Alma Morgan Davis had always been intelligent and hardworking, a combination that made him a fantastic student. In the 1890’s, Alma was attending Lehi Grade School where an astute principal named John Metz approached Alma telling him of the newly established Tempe Normal School (which later turned into Arizona State University). When Alma was finishing up Fifth Reader, the name given to the last year of grade school, he was only 13 years old. Despite his young age, and with the encouragement and support of his father and school principal, Alma decided that he would enroll in Tempe Normal School. In the fall of 1896, Alma rode 10 miles in a cart dragged by a horse and enrolled in Tempe Normal School.

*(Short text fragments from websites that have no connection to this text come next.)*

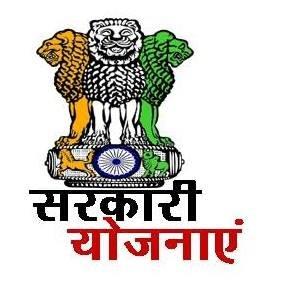 सरकारी योजना ?? न.2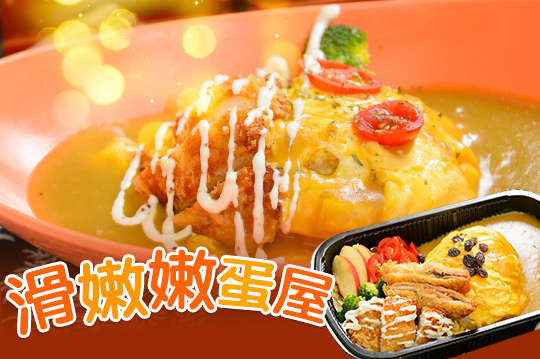A.月亮花枝排歐姆蛋包飯一個 / B.超級豪華海陸歐姆蛋包飯一個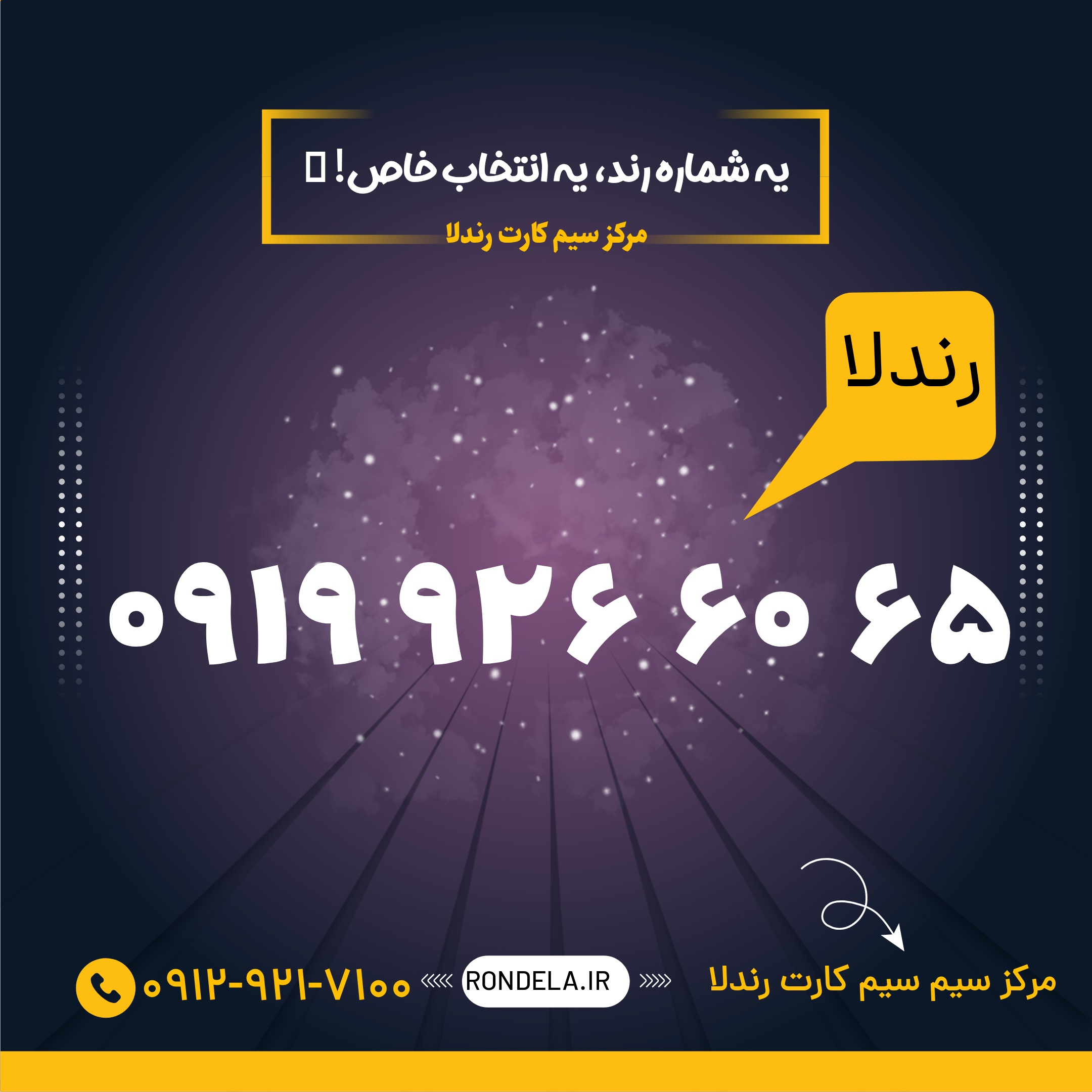65 60  926  0919  سیم کارت ۰۹۱۹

Funny thing is, at this time you had to be 15 years old to enroll in college and Alma was only 13. He was always large for his age and says that when he registered, nobody asked his real age, so he just kept his mouth shut. It is fun to look at pictures of him during this time; you can really tell that he is a large kid. One of the new pictures I uncovered in ASU’s archive was a picture of Alma in chemistry class. He is actually quite taller than many of the other people in the class, but he still has a young face. Alma attended classes and enjoyed so much his learning. He spent much time reading and studying. The next few years at Tempe Normal School were great for Alma. He had many impactful experiences as well as hard trials and lessons; but overall, he learned and grew.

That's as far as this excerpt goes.